He grew up around some pretty crazy stuff. Lost his dad around age 6-8, his stepdad was physically abusive to him and his mom, his mom abandoned him and moved a couple hours away when he was 12, he basically dropped out of school at that age, was homeless, and began drinking and doings drugs daily. He reunited with his mom, two younger half sisters, and stepdad around age 15, went back to school, met my mom, they got pregnant with me at ages 16 & 17, had me at 17 & 18, was working full time while finishing high school, almost didn’t graduate due to a racist gym teacher failing him (my mom’s mom, a teacher in the high school, was able to help resolve the issue), and has since worked a very tough job where his body has been very beaten down, and he deals with some pretty crappy people daily. Like verbally abusive and extremely racist coworkers/bosses. He really enjoys the work, but hates the company. It’s his best option with a wife, 5 kids, and no college degree though, so he’s been there for 15+ years. He lost his mom a few years ago, his two sisters are both now meth addicts, him and my mom seperated last year, he’s got a few assault charges, 1 or 2 DUI’s, and has depression and anger issues. I’m his oldest child and we have had a very strained relationship most of my life, which I know bears heavily on him.
Anywhoooo, that’s my dad’s biography, haha. I mentioned a few assualt charges. He’s luckily never had to go to prison, but he’s spent a few nights in jail. He’s pretty tough. I’ve seen him pick up a guy with 4 inches of height and 50 pounds of muscle on him by the belt buckle and shirt collar and throw him across the hood of a car. I’ve seen him take on 3 guys at once and win. I guess in high school he and another kid from school had a scheduled fight. I don’t know why. A bunch of people showed up to watch. The other guy brought a wooden baseball bat, and cracked my dad across the head with it. My dad spun around and dropped to the ground, out cold. Apparently within 10 seconds he was back up, and after breaking the bat over his knee, broke the other guy’s arm quite badly. He’s not trained in martial arts or boxing, he just hits hard, can handle getting hit, and has enough anger and toughness that he doesn’t go down very easily.
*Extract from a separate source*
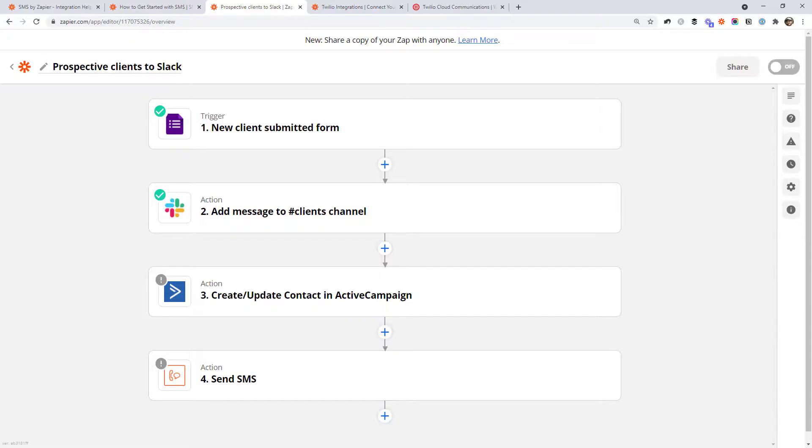You might also use a similar workflow whenever you receive a payment or a client signs their proposal, so you get a notification that you've got money received or that a client has signed. You might want to call them up, say thank you, and tell them what the next steps are to kick off their project. Just remember that you can put URLs and phone numbers in text messages so they're clickable. You might generate a link to the person's record in your CRM — if you've added them to your CRM in this workflow, you could include that link in the SMS so you can quickly pull up all their information while you're on the go.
He’s very intimidating, if you don’t know him. I had a bit of a rivalry this past summer with a guy who started chatting up my girlfriend, and after speaking with him and ending it, I heard the guy said I was scary. My buddy said it was true. I asked why, and he said I’m not very physically imposing - average height, average weight, but I can give some mean looks and people just know when I’m pissed at them. I get very short with them and make it well known if I’m mad. I spoke to my mom about it and she said I’m very much like my dad in that sense. He’s like 5’11", 200lbs or so, but can be fucking scary to deal with it you’re not familiar with his good, fun, happy side.
Anyway, Duke, my point is this: my dad isn’t a happy guy. He’s tough, he’s hurt people, he can fight better than most untrained people, he can get revenge, he can give the world a big middle finger and not be hurt by anything, but…he’s not happy. It’s not worth it. Deep down, he’s just the scared little kid who’s dad died and who’s mom went of the deep end due to her sadness and abandoned him. He’s the scared little kid who watched his uncle who helped raise him get stabbed in front of him, and who watched the adults strung out on meth and crack fight in front of him. Who wasn’t shown the love he should’ve been shown as a child, and now struggles to show it to others. He doesn’t lead a happy life, and he’s not happy with himself.
Don’t be that guy Duke. You’ve got a lot of very wise men giving you advice here. I’ve seen bullying going on, but never been on the giving or receiving end of it, but in 10 years, hell, even 2 years, it won’t seem worth it. Violence/revenge might seem fun, and as young dudes, we tend to even romanticize it, but it’s not the right answer. Life is tough, and sometimes just honestly sucks, but being angry at the world for it won’t solve anything. It won’t make you any happier, or a better man. Listen to the advice you’ve been given.
My apologies to everyone for the long post, I just thought I’d share the story.